───── Extracted information ─────

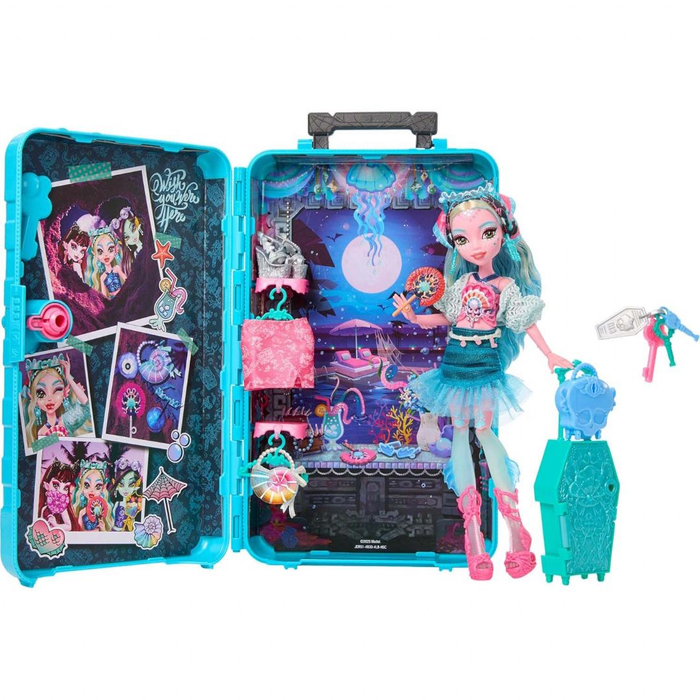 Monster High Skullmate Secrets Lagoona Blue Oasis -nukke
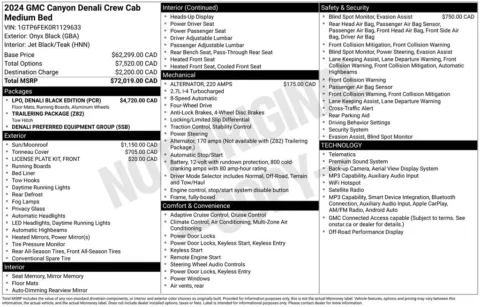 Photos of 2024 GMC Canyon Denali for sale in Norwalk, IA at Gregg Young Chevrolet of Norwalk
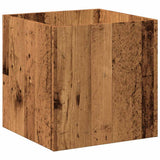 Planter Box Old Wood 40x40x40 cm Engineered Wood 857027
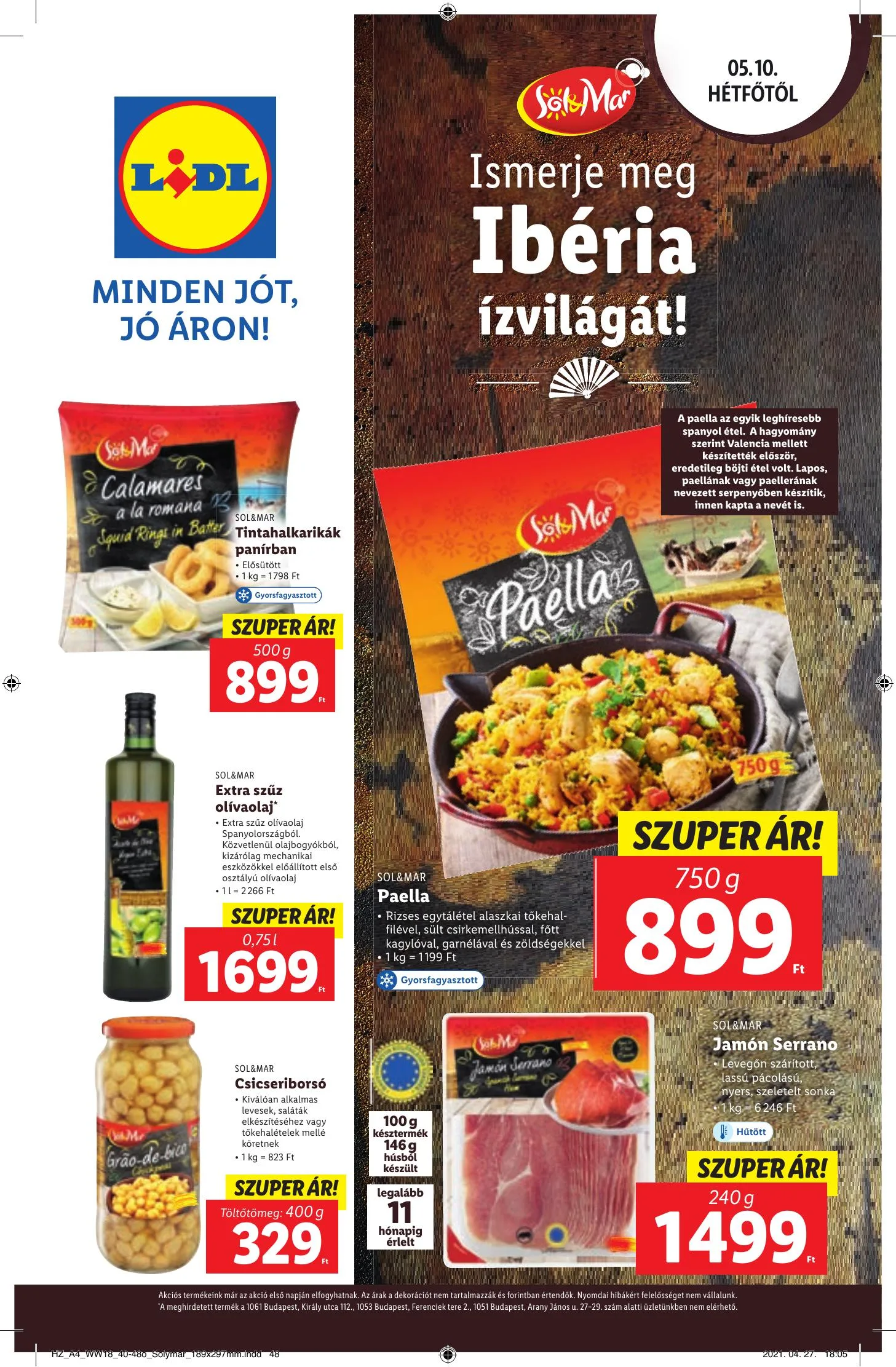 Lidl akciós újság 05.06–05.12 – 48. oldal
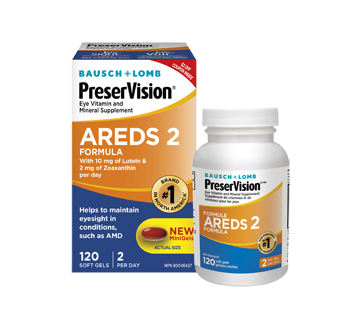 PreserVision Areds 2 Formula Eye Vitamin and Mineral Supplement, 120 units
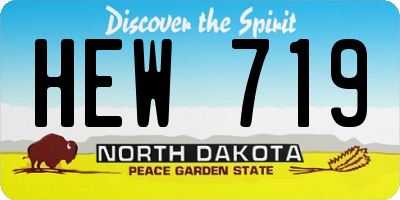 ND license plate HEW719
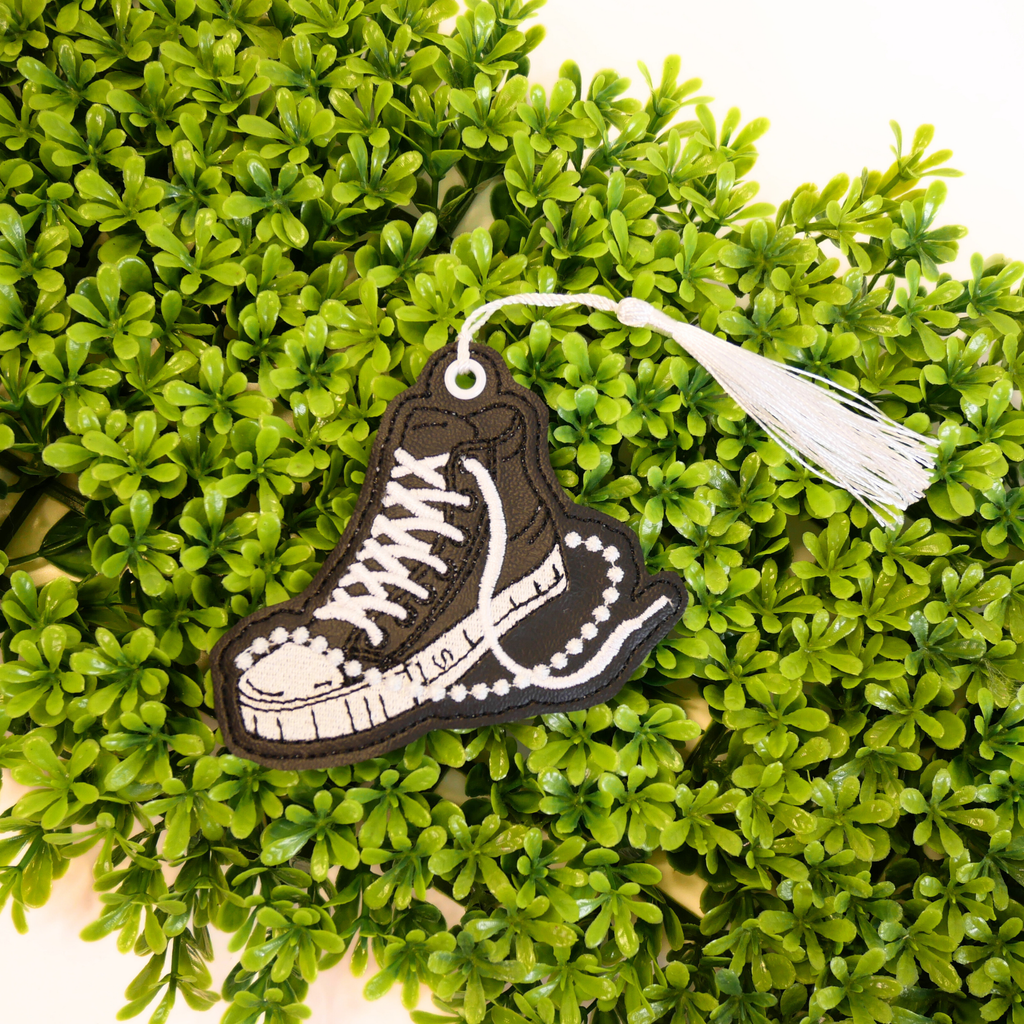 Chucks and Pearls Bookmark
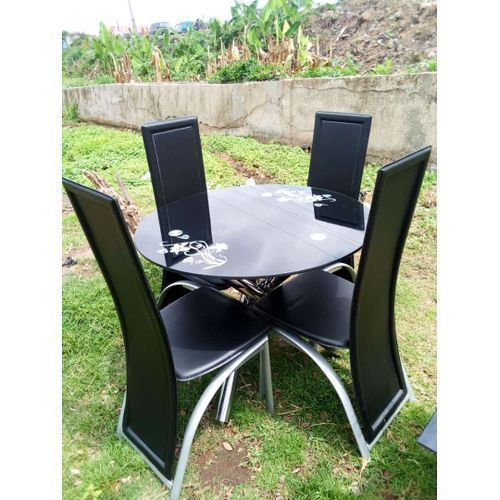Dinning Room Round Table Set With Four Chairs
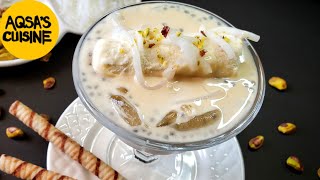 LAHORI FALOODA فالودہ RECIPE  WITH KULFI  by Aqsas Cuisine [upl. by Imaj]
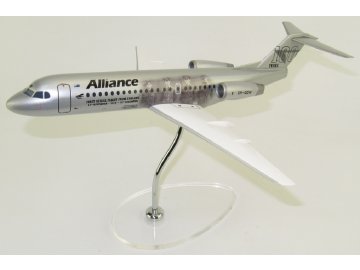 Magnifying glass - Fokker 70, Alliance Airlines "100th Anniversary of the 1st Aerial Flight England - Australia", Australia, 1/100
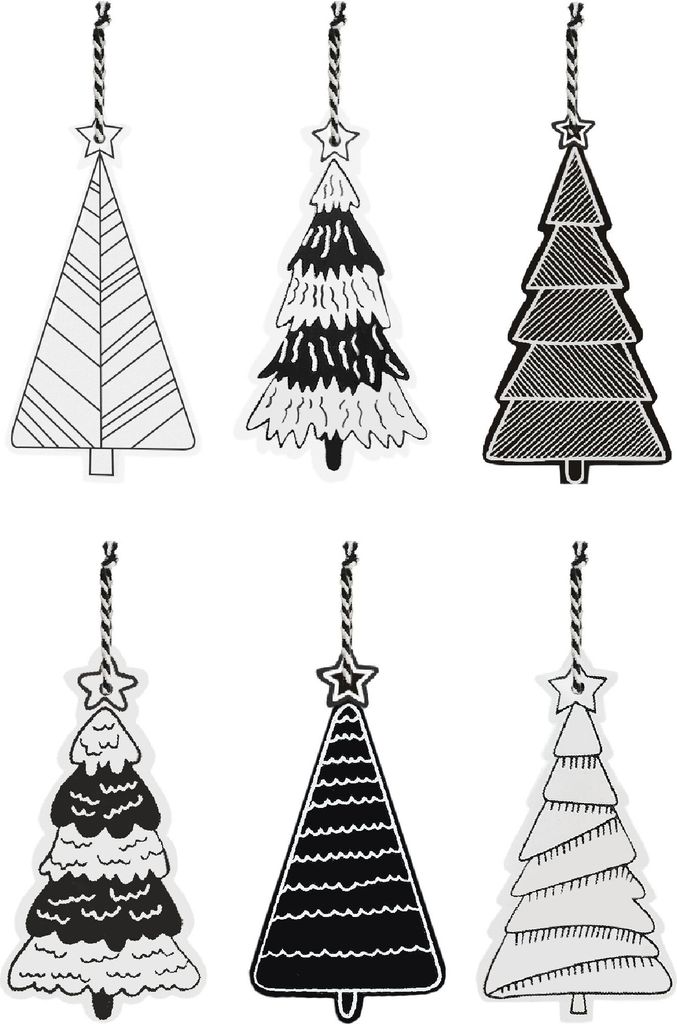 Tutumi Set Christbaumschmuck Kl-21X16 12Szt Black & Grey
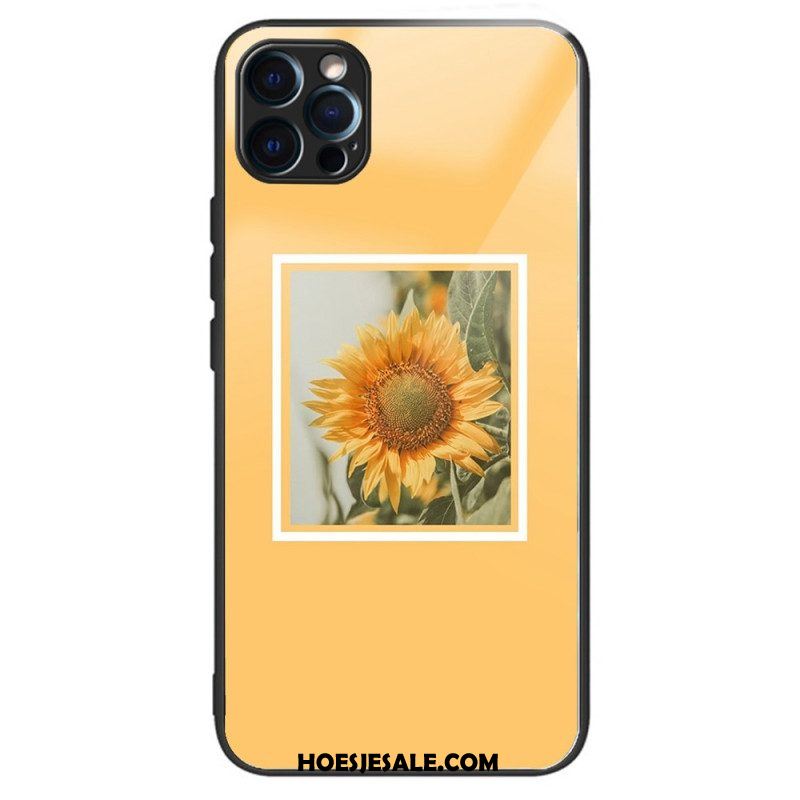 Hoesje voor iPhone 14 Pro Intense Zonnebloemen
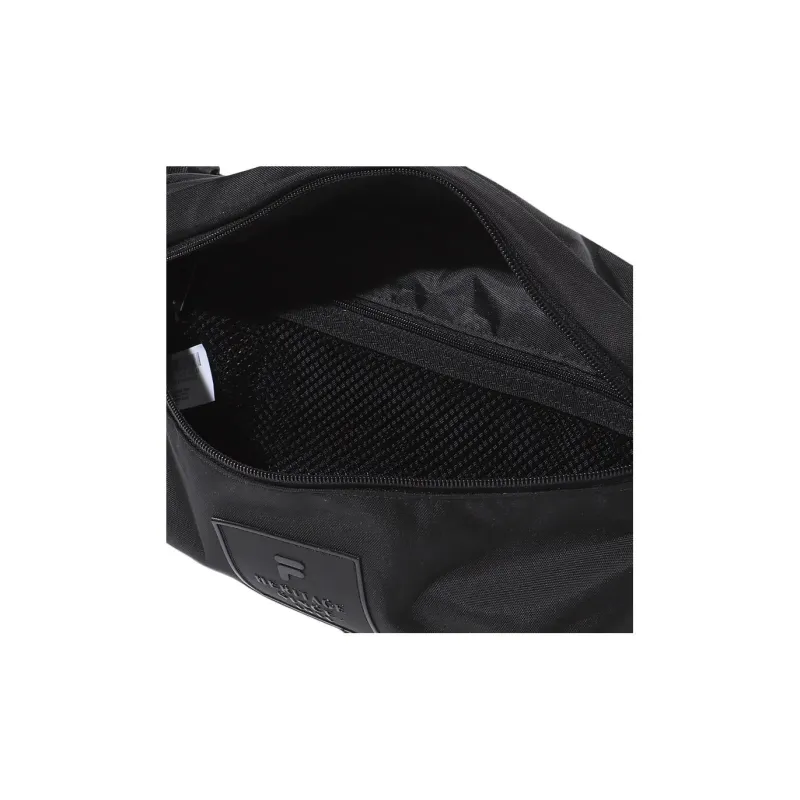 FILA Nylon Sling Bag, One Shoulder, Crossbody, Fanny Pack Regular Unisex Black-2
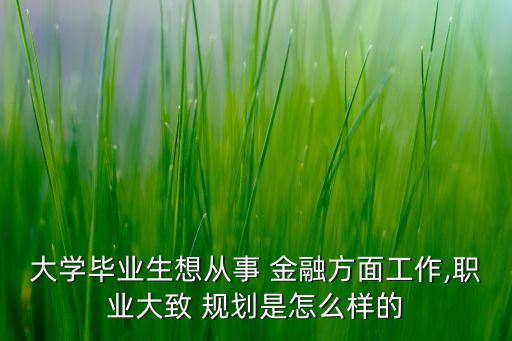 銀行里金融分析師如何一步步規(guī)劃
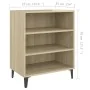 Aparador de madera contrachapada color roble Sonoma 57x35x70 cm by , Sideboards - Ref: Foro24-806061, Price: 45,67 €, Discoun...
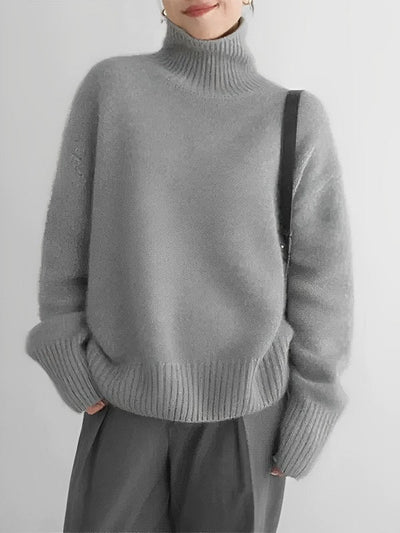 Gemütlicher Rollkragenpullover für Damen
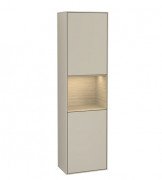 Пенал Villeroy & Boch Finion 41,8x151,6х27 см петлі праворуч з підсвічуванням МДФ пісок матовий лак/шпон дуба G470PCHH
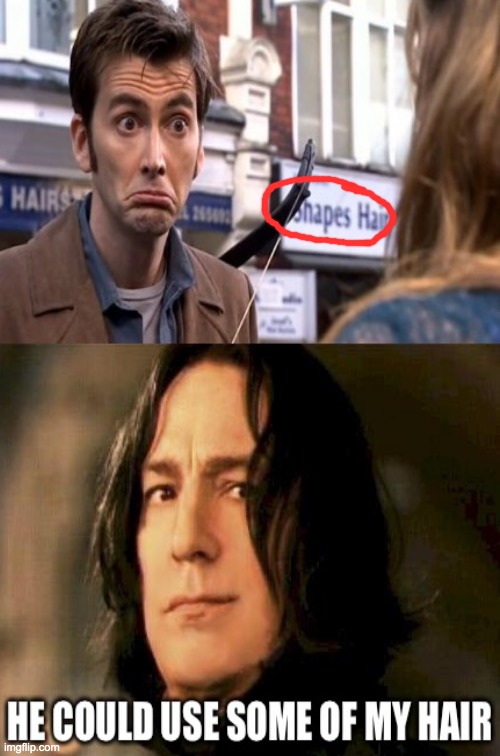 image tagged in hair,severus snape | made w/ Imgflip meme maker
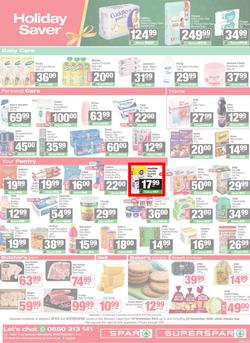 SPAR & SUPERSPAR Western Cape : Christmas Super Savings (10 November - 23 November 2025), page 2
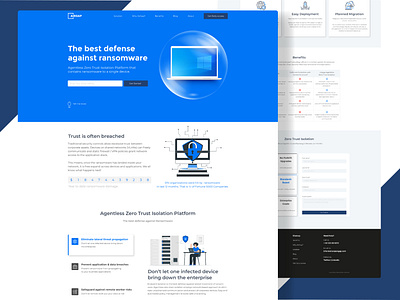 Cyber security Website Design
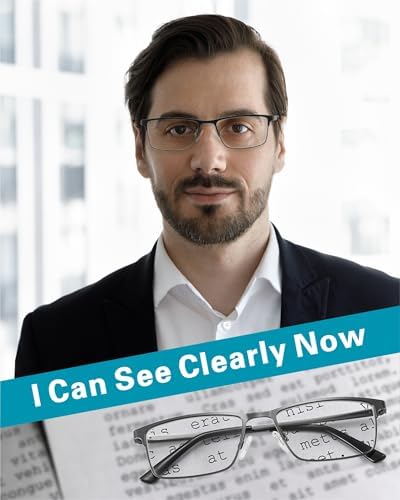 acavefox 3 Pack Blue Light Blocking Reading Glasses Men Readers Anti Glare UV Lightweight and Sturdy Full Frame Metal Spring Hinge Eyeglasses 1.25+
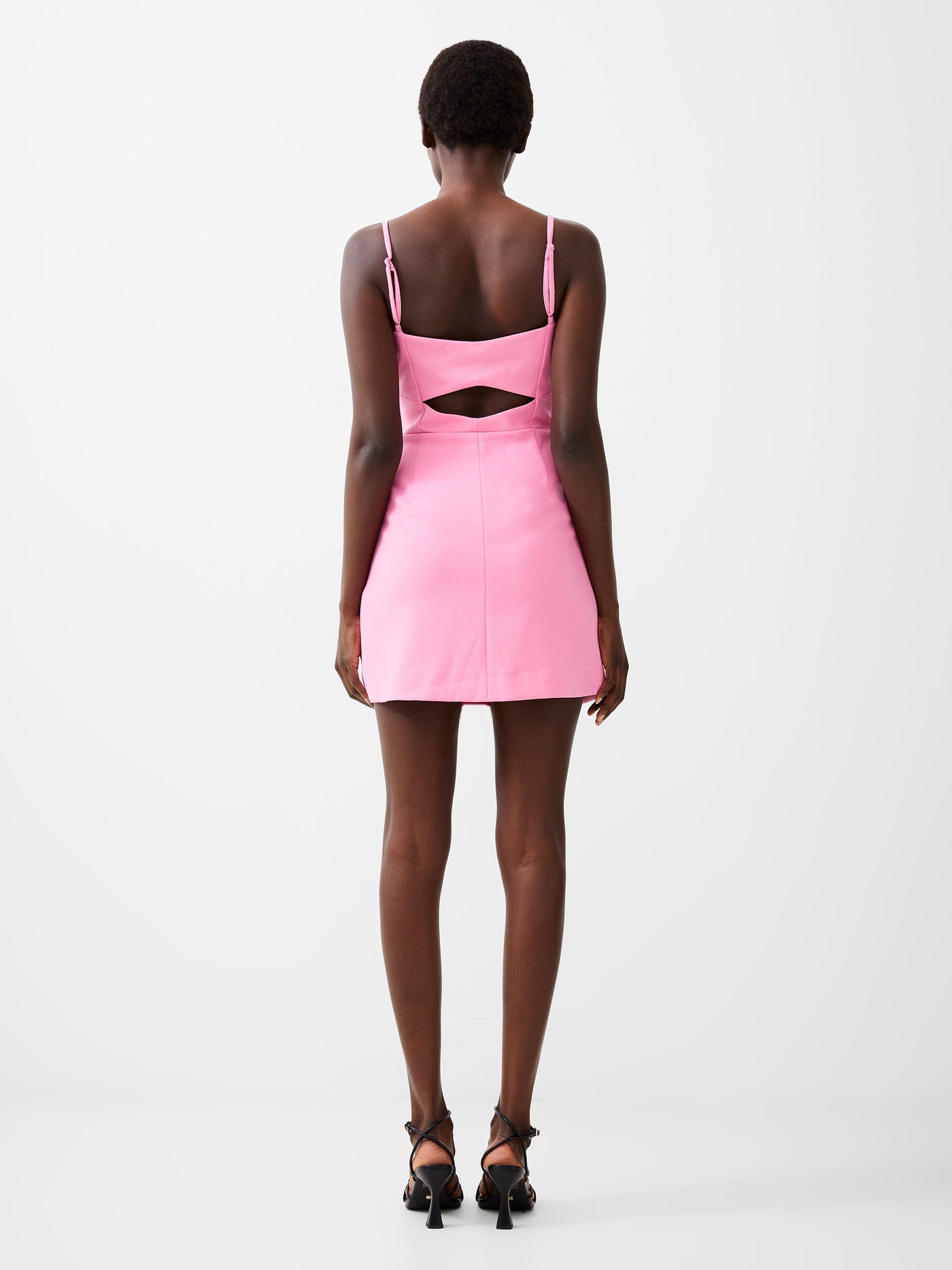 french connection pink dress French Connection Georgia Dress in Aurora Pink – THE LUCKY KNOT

─────

_Required work_.
Copy out the data verbatim, excluding the pictures.

_Answer for the task_.
 Monster High Skullmate Secrets Lagoona Blue Oasis -nukke
 Photos of 2024 GMC Canyon Denali for sale in Norwalk, IA at Gregg Young Chevrolet of Norwalk
 Planter Box Old Wood 40x40x40 cm Engineered Wood 857027
 Lidl akciós újság 05.06–05.12 – 48. oldal
 PreserVision Areds 2 Formula Eye Vitamin and Mineral Supplement, 120 units
 ND license plate HEW719
 Chucks and Pearls Bookmark
Dinning Room Round Table Set With Four Chairs
 LAHORI FALOODA فالودہ RECIPE  WITH KULFI  by Aqsas Cuisine [upl. by Imaj]
 Magnifying glass - Fokker 70, Alliance Airlines "100th Anniversary of the 1st Aerial Flight England - Australia", Australia, 1/100
 Tutumi Set Christbaumschmuck Kl-21X16 12Szt Black & Grey
 Hoesje voor iPhone 14 Pro Intense Zonnebloemen
 FILA Nylon Sling Bag, One Shoulder, Crossbody, Fanny Pack Regular Unisex Black-2
 銀行里金融分析師如何一步步規(guī)劃
 Aparador de madera contrachapada color roble Sonoma 57x35x70 cm by , Sideboards - Ref: Foro24-806061, Price: 45,67 €, Discoun...
 Gemütlicher Rollkragenpullover für Damen
 Пенал Villeroy & Boch Finion 41,8x151,6х27 см петлі праворуч з підсвічуванням МДФ пісок матовий лак/шпон дуба G470PCHH
 image tagged in hair,severus snape | made w/ Imgflip meme maker
 SPAR & SUPERSPAR Western Cape : Christmas Super Savings (10 November - 23 November 2025), page 2
 Cyber security Website Design
 acavefox 3 Pack Blue Light Blocking Reading Glasses Men Readers Anti Glare UV Lightweight and Sturdy Full Frame Metal Spring Hinge Eyeglasses 1.25+
 french connection pink dress French Connection Georgia Dress in Aurora Pink – THE LUCKY KNOT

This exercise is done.